§ Data supplied:
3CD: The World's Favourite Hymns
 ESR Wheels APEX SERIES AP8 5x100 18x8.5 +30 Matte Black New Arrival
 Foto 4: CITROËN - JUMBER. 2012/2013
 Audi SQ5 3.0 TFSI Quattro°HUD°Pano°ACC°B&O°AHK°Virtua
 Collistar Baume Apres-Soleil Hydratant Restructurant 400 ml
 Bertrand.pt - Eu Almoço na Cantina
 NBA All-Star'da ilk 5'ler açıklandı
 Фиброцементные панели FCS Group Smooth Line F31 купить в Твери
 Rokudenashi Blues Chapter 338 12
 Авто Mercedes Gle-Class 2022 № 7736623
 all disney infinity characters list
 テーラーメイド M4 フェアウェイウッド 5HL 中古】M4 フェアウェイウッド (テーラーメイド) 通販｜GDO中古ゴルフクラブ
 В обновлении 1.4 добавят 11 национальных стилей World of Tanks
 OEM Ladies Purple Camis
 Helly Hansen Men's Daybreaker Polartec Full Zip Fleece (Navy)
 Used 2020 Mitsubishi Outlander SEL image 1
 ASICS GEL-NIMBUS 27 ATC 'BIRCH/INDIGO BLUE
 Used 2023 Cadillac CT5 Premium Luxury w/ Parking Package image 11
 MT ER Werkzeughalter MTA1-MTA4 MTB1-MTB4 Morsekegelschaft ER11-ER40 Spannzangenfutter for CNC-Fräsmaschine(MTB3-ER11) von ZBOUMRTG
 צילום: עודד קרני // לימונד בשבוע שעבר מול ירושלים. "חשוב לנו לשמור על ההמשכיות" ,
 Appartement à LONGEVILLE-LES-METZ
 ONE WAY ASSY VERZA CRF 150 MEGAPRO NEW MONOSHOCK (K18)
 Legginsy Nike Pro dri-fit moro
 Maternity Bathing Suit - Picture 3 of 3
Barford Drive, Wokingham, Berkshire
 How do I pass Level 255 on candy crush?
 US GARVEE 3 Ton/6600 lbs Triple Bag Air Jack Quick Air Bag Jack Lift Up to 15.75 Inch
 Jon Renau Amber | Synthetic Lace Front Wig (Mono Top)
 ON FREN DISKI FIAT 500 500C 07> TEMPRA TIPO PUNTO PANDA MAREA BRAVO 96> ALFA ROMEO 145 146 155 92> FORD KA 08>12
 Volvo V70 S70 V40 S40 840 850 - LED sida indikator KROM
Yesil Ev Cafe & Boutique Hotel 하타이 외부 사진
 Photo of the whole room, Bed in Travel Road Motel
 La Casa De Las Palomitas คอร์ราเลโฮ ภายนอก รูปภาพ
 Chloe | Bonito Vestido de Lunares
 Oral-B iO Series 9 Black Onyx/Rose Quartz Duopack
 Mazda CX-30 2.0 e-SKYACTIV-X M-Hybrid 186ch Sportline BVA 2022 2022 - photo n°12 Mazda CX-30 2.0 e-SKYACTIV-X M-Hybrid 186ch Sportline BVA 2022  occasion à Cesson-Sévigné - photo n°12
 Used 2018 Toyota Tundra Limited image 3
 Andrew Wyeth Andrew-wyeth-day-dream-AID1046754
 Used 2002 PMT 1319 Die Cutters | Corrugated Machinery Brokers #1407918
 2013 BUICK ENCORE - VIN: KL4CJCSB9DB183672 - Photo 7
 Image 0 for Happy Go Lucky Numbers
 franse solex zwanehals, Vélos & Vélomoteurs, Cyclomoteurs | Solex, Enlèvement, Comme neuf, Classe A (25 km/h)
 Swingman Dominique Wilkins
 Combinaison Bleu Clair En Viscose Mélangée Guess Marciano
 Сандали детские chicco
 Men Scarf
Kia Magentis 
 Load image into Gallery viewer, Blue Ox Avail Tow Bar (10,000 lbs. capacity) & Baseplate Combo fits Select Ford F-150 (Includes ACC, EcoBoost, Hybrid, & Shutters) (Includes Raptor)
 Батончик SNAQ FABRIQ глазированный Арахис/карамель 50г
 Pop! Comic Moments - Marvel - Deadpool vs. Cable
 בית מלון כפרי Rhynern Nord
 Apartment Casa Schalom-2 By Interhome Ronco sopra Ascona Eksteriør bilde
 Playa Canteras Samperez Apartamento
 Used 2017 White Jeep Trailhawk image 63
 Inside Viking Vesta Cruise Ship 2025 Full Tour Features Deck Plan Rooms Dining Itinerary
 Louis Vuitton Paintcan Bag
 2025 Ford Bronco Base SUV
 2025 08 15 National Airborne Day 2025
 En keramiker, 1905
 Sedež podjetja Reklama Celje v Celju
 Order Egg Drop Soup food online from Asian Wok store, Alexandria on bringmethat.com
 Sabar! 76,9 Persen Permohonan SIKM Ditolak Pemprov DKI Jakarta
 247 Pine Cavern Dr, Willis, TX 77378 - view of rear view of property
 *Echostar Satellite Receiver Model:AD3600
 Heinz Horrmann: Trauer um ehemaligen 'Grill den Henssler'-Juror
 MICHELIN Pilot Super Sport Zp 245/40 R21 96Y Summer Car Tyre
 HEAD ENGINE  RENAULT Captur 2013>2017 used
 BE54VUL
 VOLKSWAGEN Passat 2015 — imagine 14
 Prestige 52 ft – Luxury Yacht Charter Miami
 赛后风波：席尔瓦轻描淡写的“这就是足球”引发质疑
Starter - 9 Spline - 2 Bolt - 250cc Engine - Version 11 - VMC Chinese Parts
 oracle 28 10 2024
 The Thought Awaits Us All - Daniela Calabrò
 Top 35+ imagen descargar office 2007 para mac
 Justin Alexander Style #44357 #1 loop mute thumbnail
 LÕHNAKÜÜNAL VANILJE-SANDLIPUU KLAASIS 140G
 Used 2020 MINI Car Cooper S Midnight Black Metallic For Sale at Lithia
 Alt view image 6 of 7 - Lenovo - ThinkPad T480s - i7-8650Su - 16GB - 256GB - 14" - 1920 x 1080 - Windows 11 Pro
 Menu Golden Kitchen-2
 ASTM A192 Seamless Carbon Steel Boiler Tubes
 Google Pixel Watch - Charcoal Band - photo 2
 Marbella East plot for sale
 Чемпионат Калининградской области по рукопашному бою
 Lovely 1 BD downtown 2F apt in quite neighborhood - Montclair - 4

§ Assignment:
Looking at the data above, write out exactly the lines that start at the one containing "В обновлении 1.4" and end at the one containing "Used 2002 PMT"; include both and nothing beyond.

§ Task solution:
 В обновлении 1.4 добавят 11 национальных стилей World of Tanks
 OEM Ladies Purple Camis
 Helly Hansen Men's Daybreaker Polartec Full Zip Fleece (Navy)
 Used 2020 Mitsubishi Outlander SEL image 1
 ASICS GEL-NIMBUS 27 ATC 'BIRCH/INDIGO BLUE
 Used 2023 Cadillac CT5 Premium Luxury w/ Parking Package image 11
 MT ER Werkzeughalter MTA1-MTA4 MTB1-MTB4 Morsekegelschaft ER11-ER40 Spannzangenfutter for CNC-Fräsmaschine(MTB3-ER11) von ZBOUMRTG
 צילום: עודד קרני // לימונד בשבוע שעבר מול ירושלים. "חשוב לנו לשמור על ההמשכיות" ,
 Appartement à LONGEVILLE-LES-METZ
 ONE WAY ASSY VERZA CRF 150 MEGAPRO NEW MONOSHOCK (K18)
 Legginsy Nike Pro dri-fit moro
 Maternity Bathing Suit - Picture 3 of 3
Barford Drive, Wokingham, Berkshire
 How do I pass Level 255 on candy crush?
 US GARVEE 3 Ton/6600 lbs Triple Bag Air Jack Quick Air Bag Jack Lift Up to 15.75 Inch
 Jon Renau Amber | Synthetic Lace Front Wig (Mono Top)
 ON FREN DISKI FIAT 500 500C 07> TEMPRA TIPO PUNTO PANDA MAREA BRAVO 96> ALFA ROMEO 145 146 155 92> FORD KA 08>12
 Volvo V70 S70 V40 S40 840 850 - LED sida indikator KROM
Yesil Ev Cafe & Boutique Hotel 하타이 외부 사진
 Photo of the whole room, Bed in Travel Road Motel
 La Casa De Las Palomitas คอร์ราเลโฮ ภายนอก รูปภาพ
 Chloe | Bonito Vestido de Lunares
 Oral-B iO Series 9 Black Onyx/Rose Quartz Duopack
 Mazda CX-30 2.0 e-SKYACTIV-X M-Hybrid 186ch Sportline BVA 2022 2022 - photo n°12 Mazda CX-30 2.0 e-SKYACTIV-X M-Hybrid 186ch Sportline BVA 2022  occasion à Cesson-Sévigné - photo n°12
 Used 2018 Toyota Tundra Limited image 3
 Andrew Wyeth Andrew-wyeth-day-dream-AID1046754
 Used 2002 PMT 1319 Die Cutters | Corrugated Machinery Brokers #1407918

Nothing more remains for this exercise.